BEGIN The input

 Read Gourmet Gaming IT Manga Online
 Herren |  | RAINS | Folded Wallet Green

END The input
BEGIN The input

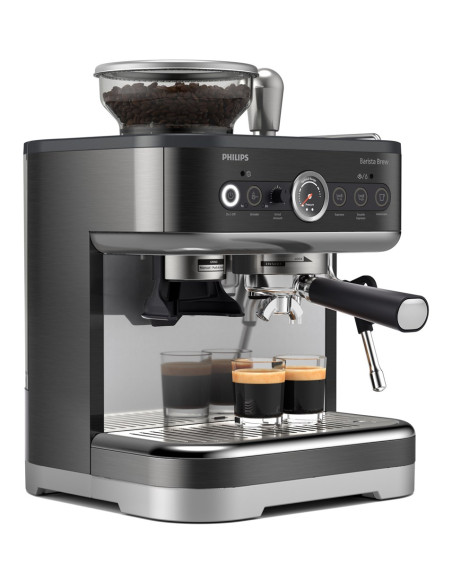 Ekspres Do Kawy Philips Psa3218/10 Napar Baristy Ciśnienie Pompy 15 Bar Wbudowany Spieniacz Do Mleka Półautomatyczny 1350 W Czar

END The input

__What you have to do__: When you reach the line containing "Read Gourmet Gaming IT Manga Online" in the data above, start copying exactly, and stop after the line containing "Folded Wallet Green".

__Output of the exercise__:
 Read Gourmet Gaming IT Manga Online
 Herren |  | RAINS | Folded Wallet Green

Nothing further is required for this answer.